▶ [WHAT IS NEEDED]: What you copy should be the lines from the one with "Dramática puesta de" through the end of the entries, word for word. Omit the pictures.

(Stored records)

====

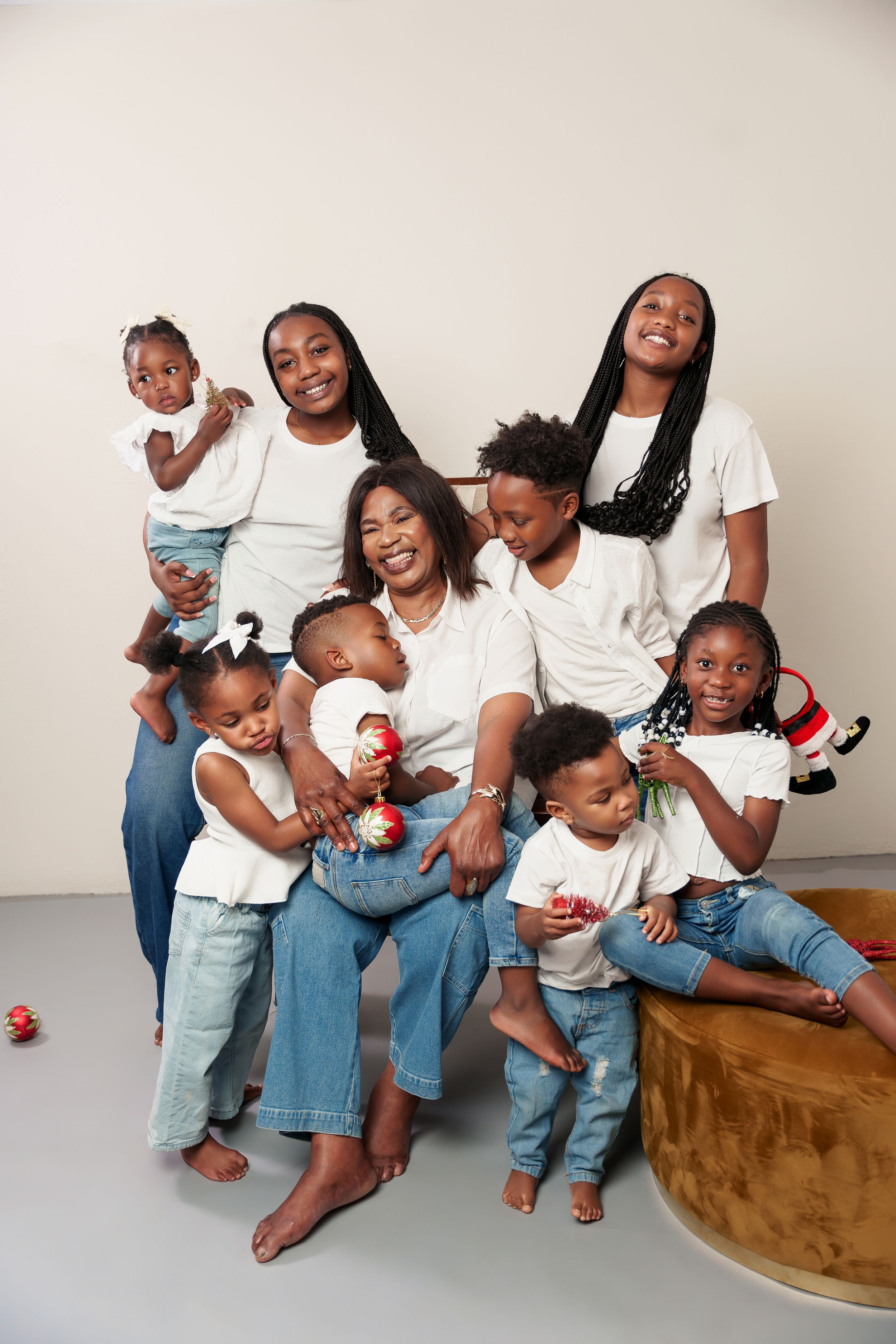 Extended family studio portrait with multiple generations in coordinated white tops and denim.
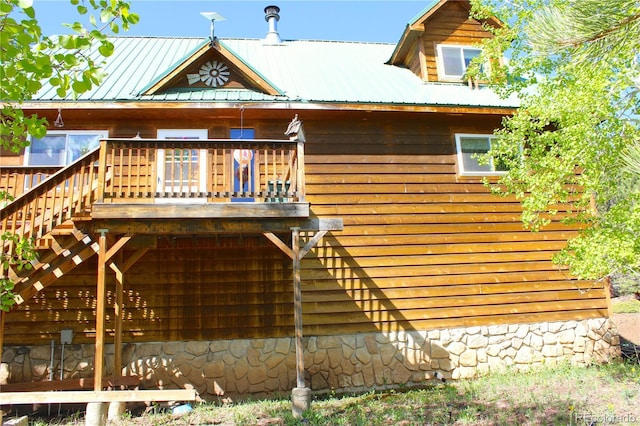 975 Windmill Dr, Hartsel, CO 80449 - back of property featuring metal roof and a deck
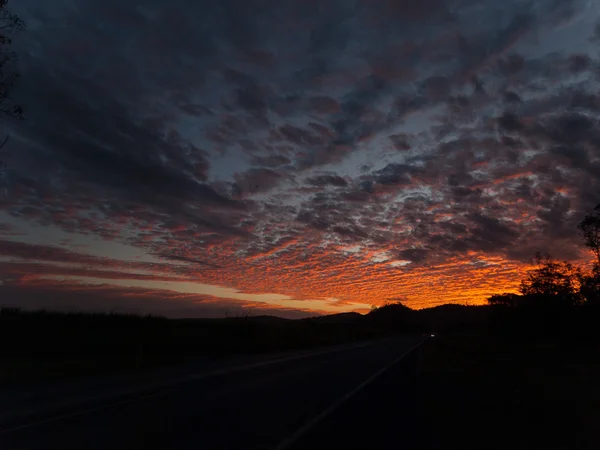 Dramática puesta de sol oscura como el fuego en el cielo con nubes atmosféricas oscuras — Foto de Stock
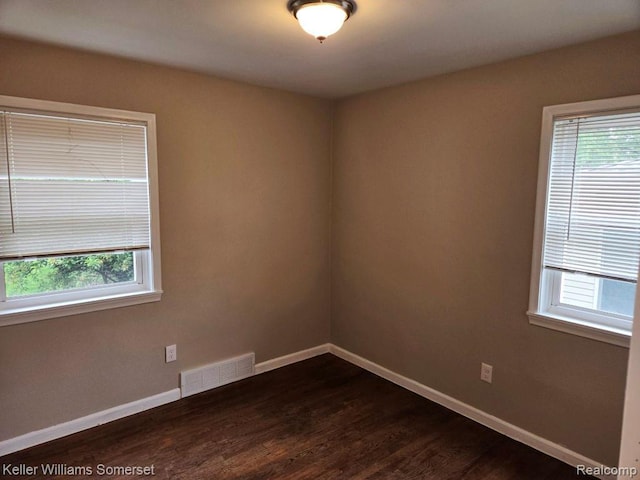 174 Hickory Dr, Troy, MI 48083 - empty room featuring dark wood-style floors and plenty of natural light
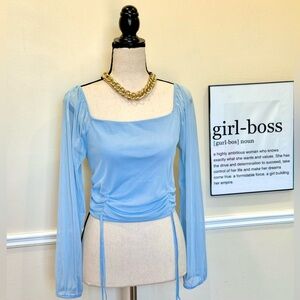 Light blue mesh top with cinched waist.
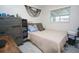 Inviting bedroom with dresser, bed, modern decor, and neutral color scheme for a comfortable retreat at 5205 98Th N Ter, Pinellas Park, FL 33782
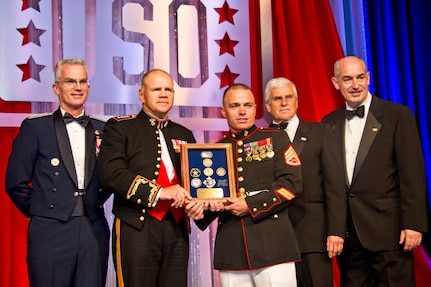 Air Force Gen. Paul Selva, left, vice chairman of the Joint Chiefs of Staff, Marine Corps Commandant Gen. Robert B. Neller, second left, and others, stop for a photo with Marine Corps Staff Sgt. Joseph P. Bednarik, center, during the 2015 USO Gala in Washington, D.C., Oct. 20, 2015. Bednarik was recognized as the USO Marine of the year during the event. U.S. Marine Corps photo by Sgt. Gabriela Garcia
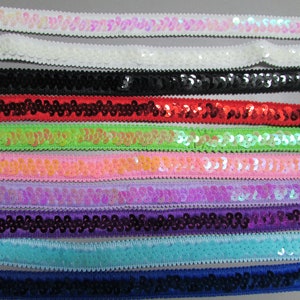 May include: Assortment of sequin trim ribbon in various colors, including white, black, red, green, pink, purple, blue, and navy. The trim is approximately 1 inch wide and features a row of sequins.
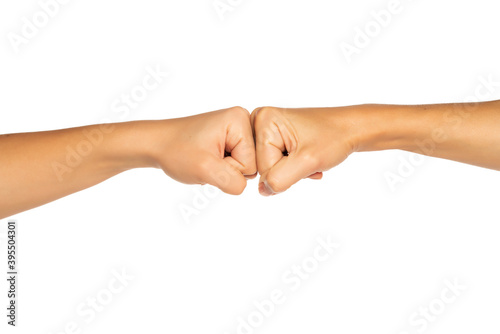 Male and female fists, isolated on white background.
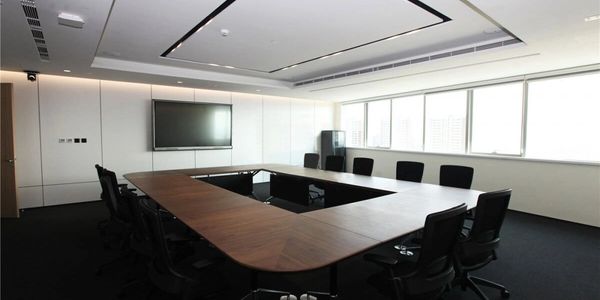 Modern, empty conference room with U-shaped wooden table and black chairs.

====

▶ [EXERCISE SOLUTION]:
 Dramática puesta de sol oscura como el fuego en el cielo con nubes atmosféricas oscuras — Foto de Stock
 174 Hickory Dr, Troy, MI 48083 - empty room featuring dark wood-style floors and plenty of natural light
 Light blue mesh top with cinched waist.
 Inviting bedroom with dresser, bed, modern decor, and neutral color scheme for a comfortable retreat at 5205 98Th N Ter, Pinellas Park, FL 33782
 Air Force Gen. Paul Selva, left, vice chairman of the Joint Chiefs of Staff, Marine Corps Commandant Gen. Robert B. Neller, second left, and others, stop for a photo with Marine Corps Staff Sgt. Joseph P. Bednarik, center, during the 2015 USO Gala in Washington, D.C., Oct. 20, 2015. Bednarik was recognized as the USO Marine of the year during the event. U.S. Marine Corps photo by Sgt. Gabriela Garcia
 May include: Assortment of sequin trim ribbon in various colors, including white, black, red, green, pink, purple, blue, and navy. The trim is approximately 1 inch wide and features a row of sequins.
 Male and female fists, isolated on white background.
 Modern, empty conference room with U-shaped wooden table and black chairs.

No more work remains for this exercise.